One almost gets the feeling that he would have preferred it if none of his readers got the joke, if it remained private, & he himself was the only one who laughed.

Which makes me wonder how many other 'hidden jokes' run through the rest of his books - something Fordim touched on earlier in reference to the 'hidden' meaning of various names in the books.

I quite like the idea that there may be other books out there, which are blatant parodies of Tolkien's works, but where the author doesn't draw attention to it. Wouldn't that be wonderful - to be reading a book, & have it suddenly 'click' that you were reading a parody of something you know so well?
One of the most astounding 'coup de tonnerre' that I have ever received is to recognise suddenly correspondences and similarities where I have not previously seen them. This 'click' as you name it (do you know a book called Click which Lynn Crosbie edited?) is an incredible feeling--it mixes insight and blindness, both sides of the coin, at once. Often once I see the relationship I marvel that I had not first seen it, but all the more interesting and rewarding is to follow all the clues that I had first missed and to consider what it was that brought this new 'vision' or sound wave my way. This experience is a never ending revelation and marvel to me, the more so because of its subtlety (or what at first appears subtlety. Often afterwards, it is more like 'how could I have missed that').

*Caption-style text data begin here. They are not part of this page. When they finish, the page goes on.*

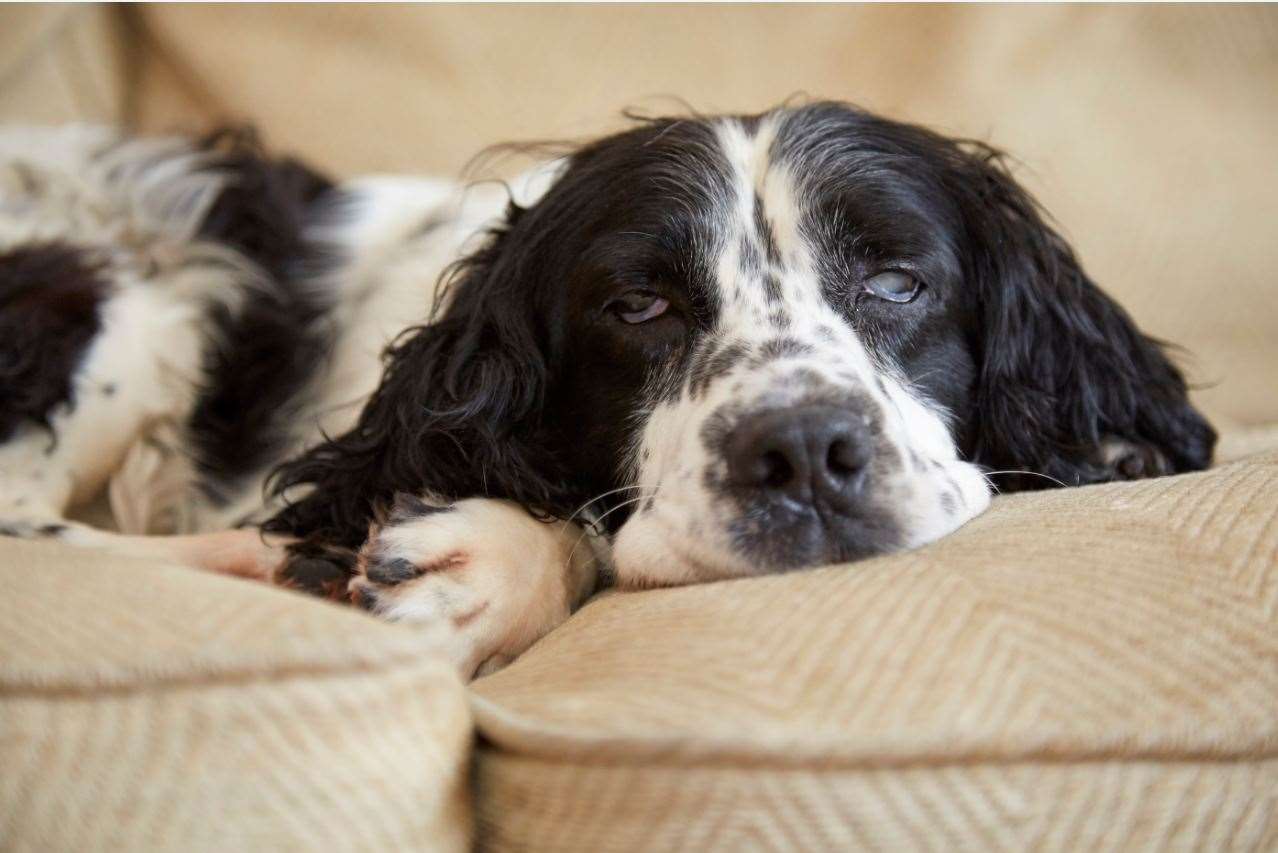 Delphine relaxing at her new home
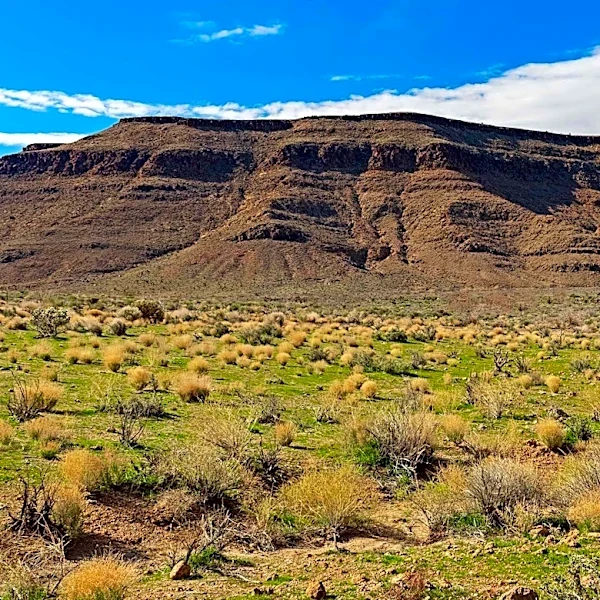 Utah's Raft River Mountains Reveal Ancient Tectonic Strain in Stretched-Pebble Conglomerate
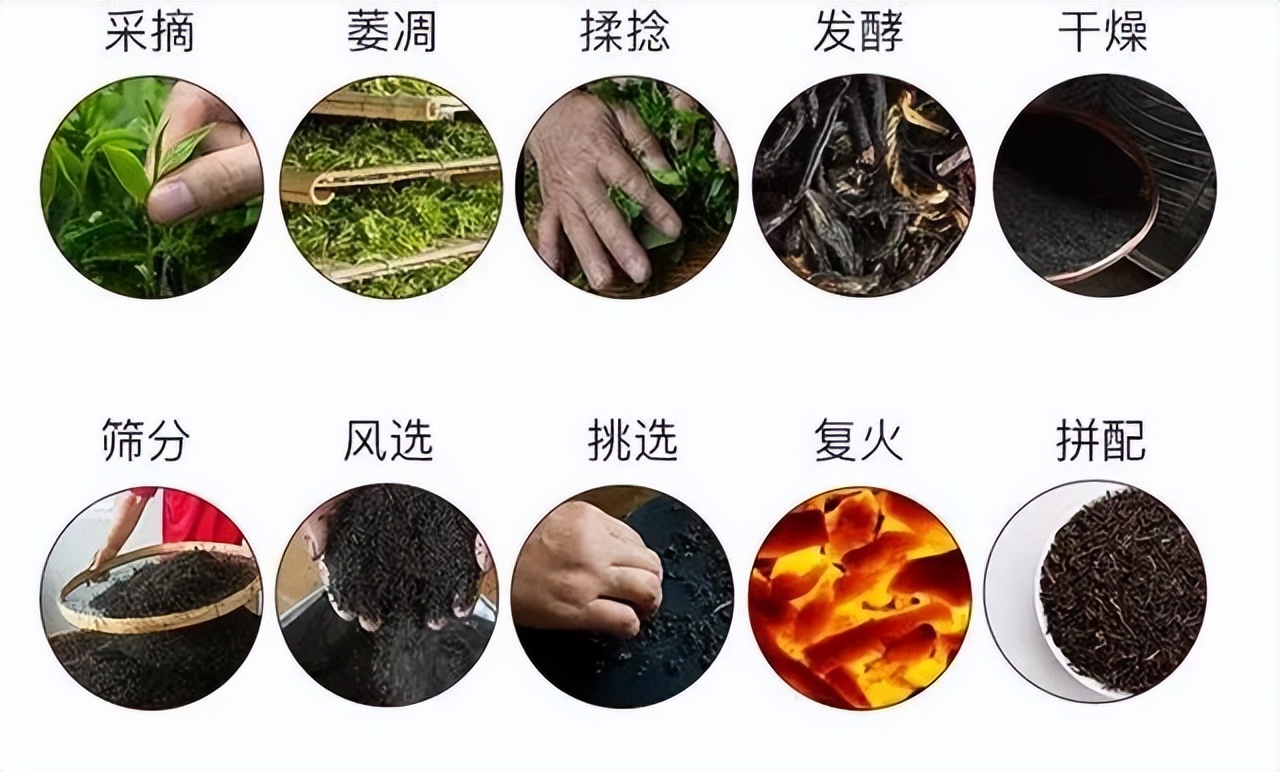 祁门红茶推荐，四季黄山相约春天|高香的祁门红茶，一杯饮尽北纬30°的湖光山色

I can understand this thoroughly as part of a writer's true enjoyment in playing with his audience, that ultimately there is some shared recognition. What I don't understand so well is a writer who would wish this to remain private, and not want anyone else to share it. What might prompt a writer to want to keep such things a private joke at the reader's expense? Would Tolkien have been such a writer?

I suppose part of me wants to think that every writer ultimately wishes for someone somewhere to share the communication with him--or her. "Only connect" Auden said. Perhaps this is an idealistic expectation of authors and I should consider other stances towards audience. Certainly to me this secrecy might fit the great satirists or cynicists. Perhaps I should read Les Liaisons Dangereuse. Or is there something comic in the discrepancy between an author's intention and an audience's understanding?

On the other hand, there might also be writers who wish to engage their readers actively rather than passively and who wish to help readers understand how reading literature, at its best, opens minds to new possibilities and teaches readers how to question basic, unexamined assumptions.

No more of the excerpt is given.